• ACTIVITY
Copy out the records precisely, omitting pictures.

[Items listed in a dataset]
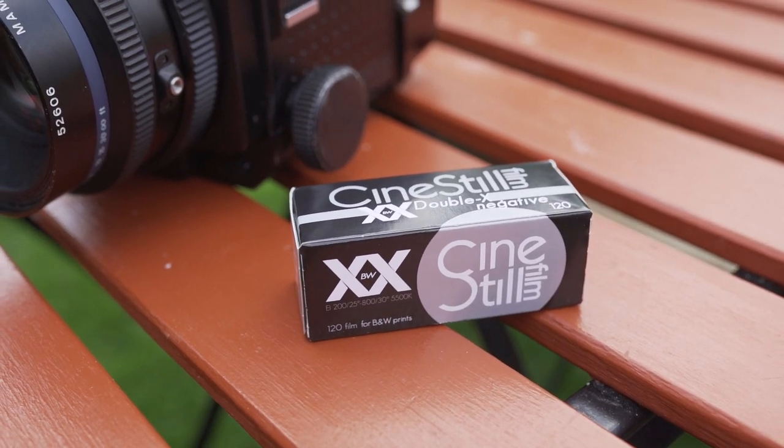So in today's video, I'm going to be talking about Cinestill BWXX. Specifically, I'm going to be talking about it in the 120 medium format, which is the latest black and white film stock that I have tried.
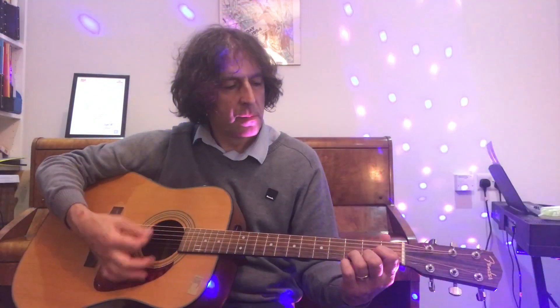Back to D again, and then A7, and then A7, back to D again for two chords.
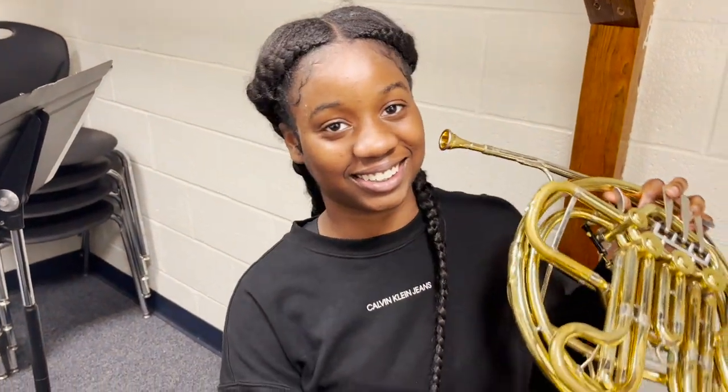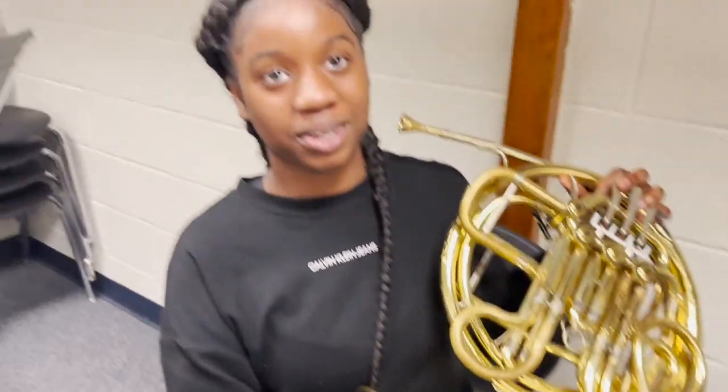When you start playing, please don't put your hand too high into the bell. Put it in a reasonable place, like over here, because putting it too high blocks your sound and it doesn't sound good. It can also make your sound go sharp or flat, and that's not good.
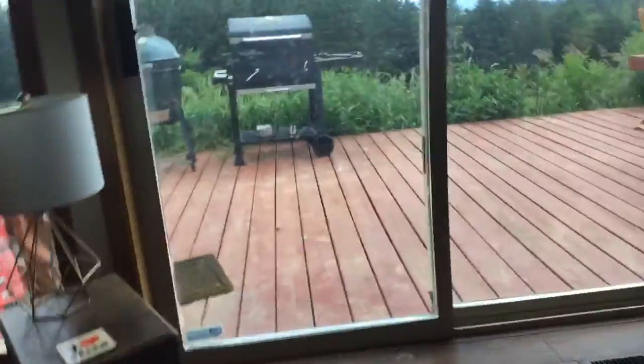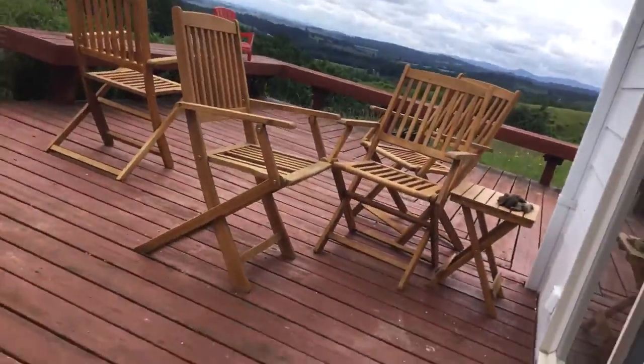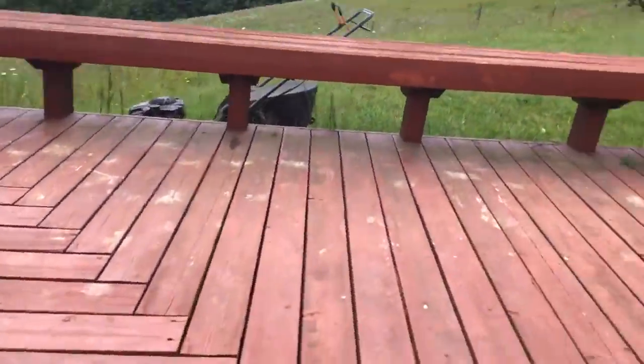Hey guys, welcome back to another video. Today we're going to be working on the clubhouse I'm making with me and my dad. Just so you know what I'm talking about, I'm going to show you. So, what it's going to be — it's going to be a two-story clubhouse.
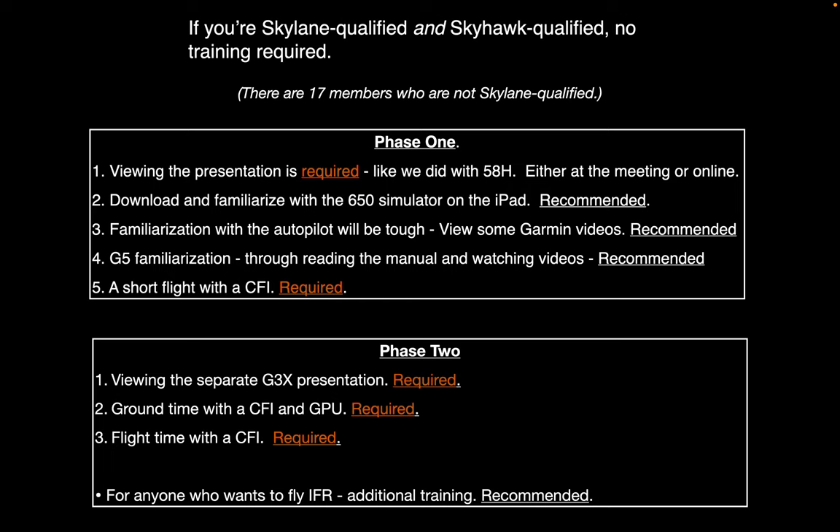The second phase is really all about the addition of the G3X. There'll be a separate short presentation on that, and then we also want you to play with it on the ground with the GPU plugged in, and of course a flight to put your new skills to work. And finally, if you're going to fly IFR and are new to these avionics, it would be prudent to get together with a CFI.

• RESPONSE TO THIS TASK
So in today's video, I'm going to be talking about Cinestill BWXX. Specifically, I'm going to be talking about it in the 120 medium format, which is the latest black and white film stock that I have tried.
Back to D again, and then A7, and then A7, back to D again for two chords.
When you start playing, please don't put your hand too high into the bell. Put it in a reasonable place, like over here, because putting it too high blocks your sound and it doesn't sound good. It can also make your sound go sharp or flat, and that's not good.
Hey guys, welcome back to another video. Today we're going to be working on the clubhouse I'm making with me and my dad. Just so you know what I'm talking about, I'm going to show you. So, what it's going to be — it's going to be a two-story clubhouse.
The second phase is really all about the addition of the G3X. There'll be a separate short presentation on that, and then we also want you to play with it on the ground with the GPU plugged in, and of course a flight to put your new skills to work. And finally, if you're going to fly IFR and are new to these avionics, it would be prudent to get together with a CFI.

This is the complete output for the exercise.